◆ **Assignment**
From the data below, copy exactly the lines that lie between the one holding "Gebraucht Audi Q5" and the one holding "Втулка задня 36", including both, and nothing more.

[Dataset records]
--------------------

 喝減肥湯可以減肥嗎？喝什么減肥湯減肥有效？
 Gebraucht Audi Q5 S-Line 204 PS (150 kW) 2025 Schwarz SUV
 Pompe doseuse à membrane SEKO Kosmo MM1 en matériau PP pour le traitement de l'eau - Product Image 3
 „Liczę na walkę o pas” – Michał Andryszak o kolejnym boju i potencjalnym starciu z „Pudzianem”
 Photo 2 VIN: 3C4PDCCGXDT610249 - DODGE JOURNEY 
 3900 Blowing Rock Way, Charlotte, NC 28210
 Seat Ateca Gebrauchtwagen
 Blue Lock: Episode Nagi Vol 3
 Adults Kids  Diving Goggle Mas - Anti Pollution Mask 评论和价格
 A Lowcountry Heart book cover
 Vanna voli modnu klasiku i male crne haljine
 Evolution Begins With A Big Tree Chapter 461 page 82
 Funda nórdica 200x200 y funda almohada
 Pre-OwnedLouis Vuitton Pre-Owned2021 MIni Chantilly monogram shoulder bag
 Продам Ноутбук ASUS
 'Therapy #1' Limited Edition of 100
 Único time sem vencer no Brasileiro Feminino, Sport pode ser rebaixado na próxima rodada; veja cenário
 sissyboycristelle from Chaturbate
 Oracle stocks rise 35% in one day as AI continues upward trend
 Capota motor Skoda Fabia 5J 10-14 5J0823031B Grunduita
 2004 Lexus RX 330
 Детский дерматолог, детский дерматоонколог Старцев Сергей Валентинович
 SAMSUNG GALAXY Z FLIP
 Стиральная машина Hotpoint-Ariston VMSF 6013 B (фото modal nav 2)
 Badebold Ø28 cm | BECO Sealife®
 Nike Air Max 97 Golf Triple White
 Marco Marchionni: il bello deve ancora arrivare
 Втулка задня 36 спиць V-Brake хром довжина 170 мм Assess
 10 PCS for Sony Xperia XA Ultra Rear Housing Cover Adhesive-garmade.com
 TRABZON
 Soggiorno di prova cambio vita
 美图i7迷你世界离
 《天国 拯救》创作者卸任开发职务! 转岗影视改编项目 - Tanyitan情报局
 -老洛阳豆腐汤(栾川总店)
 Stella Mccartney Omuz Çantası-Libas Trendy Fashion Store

--------------------

◆ **Reply to the exercise**
 Gebraucht Audi Q5 S-Line 204 PS (150 kW) 2025 Schwarz SUV
 Pompe doseuse à membrane SEKO Kosmo MM1 en matériau PP pour le traitement de l'eau - Product Image 3
 „Liczę na walkę o pas” – Michał Andryszak o kolejnym boju i potencjalnym starciu z „Pudzianem”
 Photo 2 VIN: 3C4PDCCGXDT610249 - DODGE JOURNEY 
 3900 Blowing Rock Way, Charlotte, NC 28210
 Seat Ateca Gebrauchtwagen
 Blue Lock: Episode Nagi Vol 3
 Adults Kids  Diving Goggle Mas - Anti Pollution Mask 评论和价格
 A Lowcountry Heart book cover
 Vanna voli modnu klasiku i male crne haljine
 Evolution Begins With A Big Tree Chapter 461 page 82
 Funda nórdica 200x200 y funda almohada
 Pre-OwnedLouis Vuitton Pre-Owned2021 MIni Chantilly monogram shoulder bag
 Продам Ноутбук ASUS
 'Therapy #1' Limited Edition of 100
 Único time sem vencer no Brasileiro Feminino, Sport pode ser rebaixado na próxima rodada; veja cenário
 sissyboycristelle from Chaturbate
 Oracle stocks rise 35% in one day as AI continues upward trend
 Capota motor Skoda Fabia 5J 10-14 5J0823031B Grunduita
 2004 Lexus RX 330
 Детский дерматолог, детский дерматоонколог Старцев Сергей Валентинович
 SAMSUNG GALAXY Z FLIP
 Стиральная машина Hotpoint-Ariston VMSF 6013 B (фото modal nav 2)
 Badebold Ø28 cm | BECO Sealife®
 Nike Air Max 97 Golf Triple White
 Marco Marchionni: il bello deve ancora arrivare
 Втулка задня 36 спиць V-Brake хром довжина 170 мм Assess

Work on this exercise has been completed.